PROBLEM DESCRIPTION - Word for word, restate the lines of the data below between those holding "May include: A" and "Photo of 2025", inclusive; pictures do not belong in the copy.

*** RECORD SET Section Begins ***

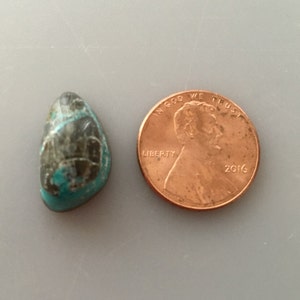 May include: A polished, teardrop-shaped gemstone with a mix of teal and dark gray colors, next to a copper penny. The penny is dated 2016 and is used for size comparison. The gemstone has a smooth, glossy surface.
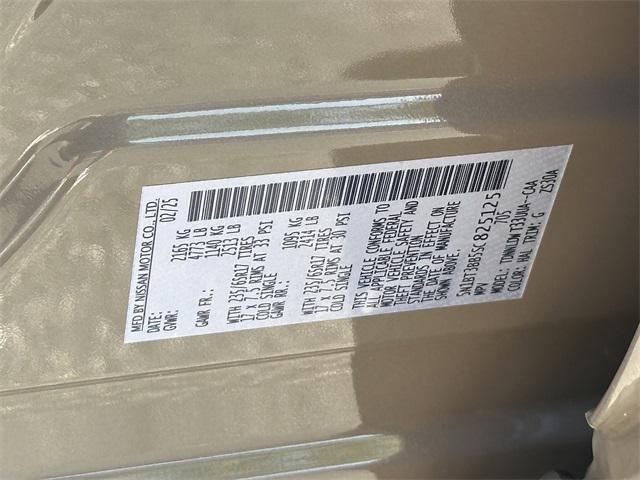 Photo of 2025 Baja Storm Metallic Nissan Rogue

*** RECORD SET Section Ends ***
*** RECORD SET Section Begins ***

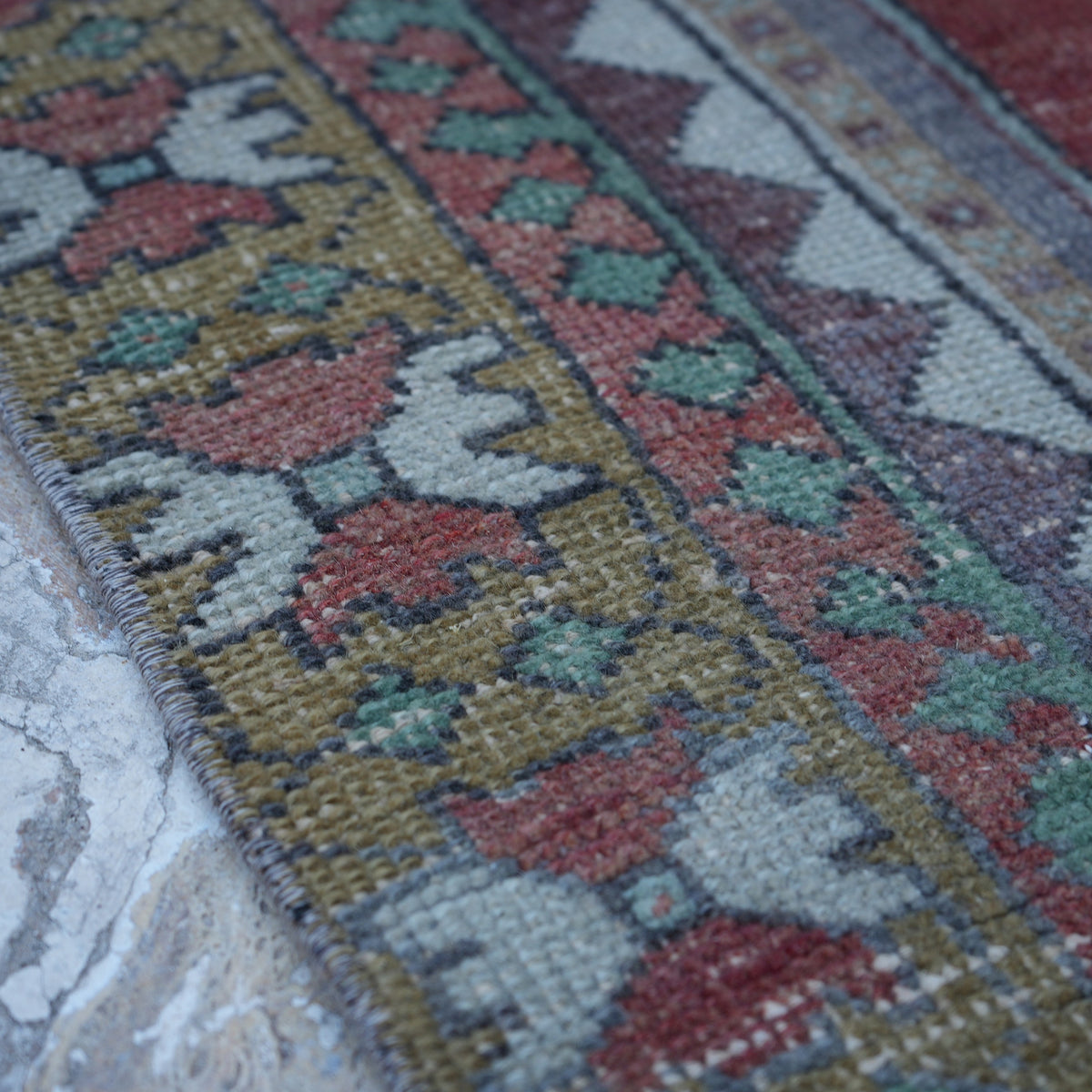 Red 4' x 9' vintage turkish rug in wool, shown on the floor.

*** RECORD SET Section Ends ***

RESPONSE FOR THIS EXERCISE -
 May include: A polished, teardrop-shaped gemstone with a mix of teal and dark gray colors, next to a copper penny. The penny is dated 2016 and is used for size comparison. The gemstone has a smooth, glossy surface.
 Photo of 2025 Baja Storm Metallic Nissan Rogue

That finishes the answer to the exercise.